=== Material for this exercise ===

-------------------------

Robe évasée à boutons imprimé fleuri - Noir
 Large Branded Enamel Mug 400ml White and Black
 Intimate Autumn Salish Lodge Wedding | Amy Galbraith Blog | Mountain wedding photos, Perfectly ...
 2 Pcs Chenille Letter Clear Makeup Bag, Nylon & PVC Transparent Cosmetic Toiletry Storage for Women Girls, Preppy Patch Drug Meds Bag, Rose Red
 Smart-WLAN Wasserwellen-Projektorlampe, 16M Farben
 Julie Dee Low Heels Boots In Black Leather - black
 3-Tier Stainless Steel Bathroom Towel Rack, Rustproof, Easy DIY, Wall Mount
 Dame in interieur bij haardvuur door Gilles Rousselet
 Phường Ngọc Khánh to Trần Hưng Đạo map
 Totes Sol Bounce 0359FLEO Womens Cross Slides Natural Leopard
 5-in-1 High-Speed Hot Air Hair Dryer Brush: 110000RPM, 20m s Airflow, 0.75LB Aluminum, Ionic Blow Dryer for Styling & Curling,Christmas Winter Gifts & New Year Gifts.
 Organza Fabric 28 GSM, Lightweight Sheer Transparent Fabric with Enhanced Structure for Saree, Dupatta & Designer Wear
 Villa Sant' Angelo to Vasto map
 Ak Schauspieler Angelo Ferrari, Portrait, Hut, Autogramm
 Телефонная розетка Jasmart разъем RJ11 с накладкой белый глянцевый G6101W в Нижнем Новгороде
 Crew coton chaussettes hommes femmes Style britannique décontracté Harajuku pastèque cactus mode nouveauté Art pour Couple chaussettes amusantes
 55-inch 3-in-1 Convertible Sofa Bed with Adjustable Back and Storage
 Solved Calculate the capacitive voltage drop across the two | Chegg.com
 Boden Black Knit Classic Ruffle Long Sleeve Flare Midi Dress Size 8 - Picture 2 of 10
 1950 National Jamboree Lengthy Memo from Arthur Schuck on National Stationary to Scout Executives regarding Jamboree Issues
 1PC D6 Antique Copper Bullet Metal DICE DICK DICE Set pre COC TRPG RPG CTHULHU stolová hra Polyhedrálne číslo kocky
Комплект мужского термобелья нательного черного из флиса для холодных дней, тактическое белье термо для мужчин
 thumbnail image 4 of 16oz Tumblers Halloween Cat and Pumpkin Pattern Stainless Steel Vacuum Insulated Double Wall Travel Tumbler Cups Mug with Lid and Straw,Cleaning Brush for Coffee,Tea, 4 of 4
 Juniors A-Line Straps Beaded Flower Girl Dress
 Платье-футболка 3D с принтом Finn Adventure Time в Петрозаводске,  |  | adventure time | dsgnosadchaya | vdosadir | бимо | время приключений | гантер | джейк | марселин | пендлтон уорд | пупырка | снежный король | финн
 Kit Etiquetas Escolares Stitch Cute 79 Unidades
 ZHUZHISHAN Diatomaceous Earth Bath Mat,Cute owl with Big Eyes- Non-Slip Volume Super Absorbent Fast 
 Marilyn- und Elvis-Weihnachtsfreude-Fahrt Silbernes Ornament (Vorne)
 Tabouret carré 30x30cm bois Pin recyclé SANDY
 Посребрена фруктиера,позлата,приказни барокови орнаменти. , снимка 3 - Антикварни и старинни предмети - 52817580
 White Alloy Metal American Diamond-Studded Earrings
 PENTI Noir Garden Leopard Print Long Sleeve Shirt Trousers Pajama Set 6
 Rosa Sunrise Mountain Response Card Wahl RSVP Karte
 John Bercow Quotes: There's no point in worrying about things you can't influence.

-------------------------

=== Exercise directions ===
Exactly reproduce the lines that run from the line with "Boden Black Knit" through the last line of the records, inclusive.

=== Exercise result ===
 Boden Black Knit Classic Ruffle Long Sleeve Flare Midi Dress Size 8 - Picture 2 of 10
 1950 National Jamboree Lengthy Memo from Arthur Schuck on National Stationary to Scout Executives regarding Jamboree Issues
 1PC D6 Antique Copper Bullet Metal DICE DICK DICE Set pre COC TRPG RPG CTHULHU stolová hra Polyhedrálne číslo kocky
Комплект мужского термобелья нательного черного из флиса для холодных дней, тактическое белье термо для мужчин
 thumbnail image 4 of 16oz Tumblers Halloween Cat and Pumpkin Pattern Stainless Steel Vacuum Insulated Double Wall Travel Tumbler Cups Mug with Lid and Straw,Cleaning Brush for Coffee,Tea, 4 of 4
 Juniors A-Line Straps Beaded Flower Girl Dress
 Платье-футболка 3D с принтом Finn Adventure Time в Петрозаводске,  |  | adventure time | dsgnosadchaya | vdosadir | бимо | время приключений | гантер | джейк | марселин | пендлтон уорд | пупырка | снежный король | финн
 Kit Etiquetas Escolares Stitch Cute 79 Unidades
 ZHUZHISHAN Diatomaceous Earth Bath Mat,Cute owl with Big Eyes- Non-Slip Volume Super Absorbent Fast 
 Marilyn- und Elvis-Weihnachtsfreude-Fahrt Silbernes Ornament (Vorne)
 Tabouret carré 30x30cm bois Pin recyclé SANDY
 Посребрена фруктиера,позлата,приказни барокови орнаменти. , снимка 3 - Антикварни и старинни предмети - 52817580
 White Alloy Metal American Diamond-Studded Earrings
 PENTI Noir Garden Leopard Print Long Sleeve Shirt Trousers Pajama Set 6
 Rosa Sunrise Mountain Response Card Wahl RSVP Karte
 John Bercow Quotes: There's no point in worrying about things you can't influence.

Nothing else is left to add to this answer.